Collection entries -
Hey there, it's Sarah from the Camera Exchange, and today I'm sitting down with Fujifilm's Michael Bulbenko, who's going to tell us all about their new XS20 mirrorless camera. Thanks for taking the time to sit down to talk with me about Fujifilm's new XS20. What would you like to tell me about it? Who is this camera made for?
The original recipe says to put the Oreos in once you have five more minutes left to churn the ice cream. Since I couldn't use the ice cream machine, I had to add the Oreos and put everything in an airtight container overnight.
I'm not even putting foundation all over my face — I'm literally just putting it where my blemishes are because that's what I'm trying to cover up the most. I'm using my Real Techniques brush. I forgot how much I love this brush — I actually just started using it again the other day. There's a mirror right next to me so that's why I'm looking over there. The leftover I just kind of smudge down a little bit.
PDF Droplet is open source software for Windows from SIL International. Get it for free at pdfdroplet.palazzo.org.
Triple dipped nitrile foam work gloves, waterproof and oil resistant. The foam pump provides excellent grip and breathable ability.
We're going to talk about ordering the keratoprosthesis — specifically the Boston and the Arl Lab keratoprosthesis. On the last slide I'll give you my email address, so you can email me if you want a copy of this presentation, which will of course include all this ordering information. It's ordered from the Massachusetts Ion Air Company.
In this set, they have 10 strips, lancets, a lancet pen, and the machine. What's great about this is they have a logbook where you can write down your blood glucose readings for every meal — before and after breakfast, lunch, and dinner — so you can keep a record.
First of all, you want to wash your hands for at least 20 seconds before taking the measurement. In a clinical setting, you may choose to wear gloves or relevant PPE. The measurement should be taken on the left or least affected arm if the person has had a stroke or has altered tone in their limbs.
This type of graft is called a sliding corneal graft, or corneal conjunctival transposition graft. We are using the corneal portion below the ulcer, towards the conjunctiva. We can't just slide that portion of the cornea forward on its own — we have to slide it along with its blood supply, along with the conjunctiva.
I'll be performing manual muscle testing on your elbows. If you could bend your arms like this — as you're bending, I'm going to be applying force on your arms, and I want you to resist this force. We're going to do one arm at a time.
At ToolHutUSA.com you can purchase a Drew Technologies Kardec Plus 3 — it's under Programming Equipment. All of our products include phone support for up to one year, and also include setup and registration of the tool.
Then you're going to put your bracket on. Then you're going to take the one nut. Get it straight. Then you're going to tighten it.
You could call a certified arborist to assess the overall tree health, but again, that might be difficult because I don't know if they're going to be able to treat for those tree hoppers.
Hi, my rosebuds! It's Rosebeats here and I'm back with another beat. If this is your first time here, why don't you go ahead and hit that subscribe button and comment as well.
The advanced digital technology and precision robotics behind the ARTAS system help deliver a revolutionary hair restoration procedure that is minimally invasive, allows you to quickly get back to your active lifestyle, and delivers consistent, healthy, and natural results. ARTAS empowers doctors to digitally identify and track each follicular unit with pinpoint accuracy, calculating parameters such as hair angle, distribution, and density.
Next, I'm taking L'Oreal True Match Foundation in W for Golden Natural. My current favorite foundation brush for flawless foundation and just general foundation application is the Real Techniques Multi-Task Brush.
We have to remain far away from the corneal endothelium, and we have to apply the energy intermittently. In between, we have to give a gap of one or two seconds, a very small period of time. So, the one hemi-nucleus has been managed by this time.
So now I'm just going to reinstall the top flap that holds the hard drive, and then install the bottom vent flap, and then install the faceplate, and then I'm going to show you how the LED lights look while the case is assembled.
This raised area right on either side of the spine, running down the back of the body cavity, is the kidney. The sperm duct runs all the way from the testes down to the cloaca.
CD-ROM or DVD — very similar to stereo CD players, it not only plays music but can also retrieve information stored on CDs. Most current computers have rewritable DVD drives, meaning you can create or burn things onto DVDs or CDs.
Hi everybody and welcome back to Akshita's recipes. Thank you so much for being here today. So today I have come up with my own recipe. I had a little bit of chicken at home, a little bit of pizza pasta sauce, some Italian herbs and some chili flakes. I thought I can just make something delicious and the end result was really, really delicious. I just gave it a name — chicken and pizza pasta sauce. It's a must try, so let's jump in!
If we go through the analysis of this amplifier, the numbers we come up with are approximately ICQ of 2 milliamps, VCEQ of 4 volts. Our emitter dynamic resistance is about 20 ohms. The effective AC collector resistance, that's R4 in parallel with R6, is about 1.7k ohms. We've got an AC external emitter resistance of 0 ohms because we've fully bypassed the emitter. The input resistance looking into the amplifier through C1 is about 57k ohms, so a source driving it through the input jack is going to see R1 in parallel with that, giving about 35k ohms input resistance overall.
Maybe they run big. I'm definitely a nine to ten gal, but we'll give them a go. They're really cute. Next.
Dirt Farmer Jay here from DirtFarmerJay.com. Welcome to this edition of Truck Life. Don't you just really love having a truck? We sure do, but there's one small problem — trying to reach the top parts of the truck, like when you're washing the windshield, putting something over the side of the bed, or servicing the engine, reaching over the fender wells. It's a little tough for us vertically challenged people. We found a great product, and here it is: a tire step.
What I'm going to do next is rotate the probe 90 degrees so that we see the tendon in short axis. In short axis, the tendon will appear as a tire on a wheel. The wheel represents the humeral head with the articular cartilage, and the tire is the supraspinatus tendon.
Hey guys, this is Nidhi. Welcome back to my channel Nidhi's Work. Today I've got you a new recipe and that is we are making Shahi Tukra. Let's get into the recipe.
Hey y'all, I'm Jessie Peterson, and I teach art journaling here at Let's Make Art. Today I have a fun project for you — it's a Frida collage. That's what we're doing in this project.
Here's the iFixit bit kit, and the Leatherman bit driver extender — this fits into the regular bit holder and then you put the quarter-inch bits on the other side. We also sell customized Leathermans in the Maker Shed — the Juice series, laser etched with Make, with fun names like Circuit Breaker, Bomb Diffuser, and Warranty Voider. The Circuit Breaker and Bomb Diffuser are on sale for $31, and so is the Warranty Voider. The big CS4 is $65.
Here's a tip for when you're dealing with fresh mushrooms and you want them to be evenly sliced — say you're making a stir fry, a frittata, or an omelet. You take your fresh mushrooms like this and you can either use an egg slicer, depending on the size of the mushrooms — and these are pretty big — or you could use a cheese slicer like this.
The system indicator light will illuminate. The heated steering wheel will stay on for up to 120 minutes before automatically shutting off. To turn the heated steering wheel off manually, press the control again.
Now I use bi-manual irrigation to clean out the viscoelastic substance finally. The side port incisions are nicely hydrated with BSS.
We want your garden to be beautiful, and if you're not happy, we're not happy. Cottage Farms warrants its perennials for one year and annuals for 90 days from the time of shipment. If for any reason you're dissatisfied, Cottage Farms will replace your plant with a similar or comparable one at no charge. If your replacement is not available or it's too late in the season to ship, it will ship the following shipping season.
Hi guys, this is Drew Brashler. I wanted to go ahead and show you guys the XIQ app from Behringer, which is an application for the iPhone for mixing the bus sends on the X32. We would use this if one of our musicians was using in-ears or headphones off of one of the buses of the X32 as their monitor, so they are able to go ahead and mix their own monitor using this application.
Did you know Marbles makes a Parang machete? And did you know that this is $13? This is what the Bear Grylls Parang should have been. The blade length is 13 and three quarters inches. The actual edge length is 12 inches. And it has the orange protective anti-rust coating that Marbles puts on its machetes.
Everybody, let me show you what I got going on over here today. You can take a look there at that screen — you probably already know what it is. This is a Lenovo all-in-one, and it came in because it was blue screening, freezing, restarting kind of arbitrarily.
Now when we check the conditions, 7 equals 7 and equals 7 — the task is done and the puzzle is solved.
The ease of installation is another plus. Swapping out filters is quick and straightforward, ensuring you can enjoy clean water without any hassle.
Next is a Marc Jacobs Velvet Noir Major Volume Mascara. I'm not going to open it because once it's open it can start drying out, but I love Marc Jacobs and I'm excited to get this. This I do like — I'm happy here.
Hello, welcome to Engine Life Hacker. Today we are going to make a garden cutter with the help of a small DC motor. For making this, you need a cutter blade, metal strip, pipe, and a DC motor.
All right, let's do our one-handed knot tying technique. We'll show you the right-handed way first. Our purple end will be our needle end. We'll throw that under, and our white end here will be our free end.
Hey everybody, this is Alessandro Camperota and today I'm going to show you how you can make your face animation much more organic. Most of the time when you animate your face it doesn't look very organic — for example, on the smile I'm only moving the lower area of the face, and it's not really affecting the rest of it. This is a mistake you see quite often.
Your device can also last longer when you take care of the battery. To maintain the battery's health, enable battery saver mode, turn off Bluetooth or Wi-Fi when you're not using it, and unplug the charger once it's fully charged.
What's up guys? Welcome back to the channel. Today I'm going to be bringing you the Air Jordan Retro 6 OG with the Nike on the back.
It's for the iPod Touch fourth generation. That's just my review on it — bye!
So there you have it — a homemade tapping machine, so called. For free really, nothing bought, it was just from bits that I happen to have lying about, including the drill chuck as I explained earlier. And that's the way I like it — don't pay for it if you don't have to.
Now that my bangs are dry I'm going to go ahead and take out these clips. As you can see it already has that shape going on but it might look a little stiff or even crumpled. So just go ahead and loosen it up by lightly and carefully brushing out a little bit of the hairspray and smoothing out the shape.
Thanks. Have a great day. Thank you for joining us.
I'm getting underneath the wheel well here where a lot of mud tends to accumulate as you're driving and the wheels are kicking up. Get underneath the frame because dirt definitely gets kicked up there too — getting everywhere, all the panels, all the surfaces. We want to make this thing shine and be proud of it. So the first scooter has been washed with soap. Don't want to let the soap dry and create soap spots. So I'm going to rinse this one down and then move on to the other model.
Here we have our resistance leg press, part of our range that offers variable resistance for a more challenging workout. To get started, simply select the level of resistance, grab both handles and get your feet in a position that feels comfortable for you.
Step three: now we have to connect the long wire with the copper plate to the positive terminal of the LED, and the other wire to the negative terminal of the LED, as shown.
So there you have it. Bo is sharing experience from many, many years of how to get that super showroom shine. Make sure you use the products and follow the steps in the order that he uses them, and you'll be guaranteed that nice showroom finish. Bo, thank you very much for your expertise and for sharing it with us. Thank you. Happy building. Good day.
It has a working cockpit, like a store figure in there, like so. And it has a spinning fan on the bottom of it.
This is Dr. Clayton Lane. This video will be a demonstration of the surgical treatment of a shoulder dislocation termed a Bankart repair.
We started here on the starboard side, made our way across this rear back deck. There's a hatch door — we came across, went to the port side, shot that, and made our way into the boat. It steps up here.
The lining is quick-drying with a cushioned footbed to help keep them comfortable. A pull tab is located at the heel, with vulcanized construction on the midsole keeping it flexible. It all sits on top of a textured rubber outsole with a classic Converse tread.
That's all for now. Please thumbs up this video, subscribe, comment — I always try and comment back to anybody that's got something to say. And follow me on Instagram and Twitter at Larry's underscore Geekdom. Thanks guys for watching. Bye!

PROBLEM -
Looking at the records above, work out how many lines hold "might" and write only that number.

EXERCISE RESPONSE -
2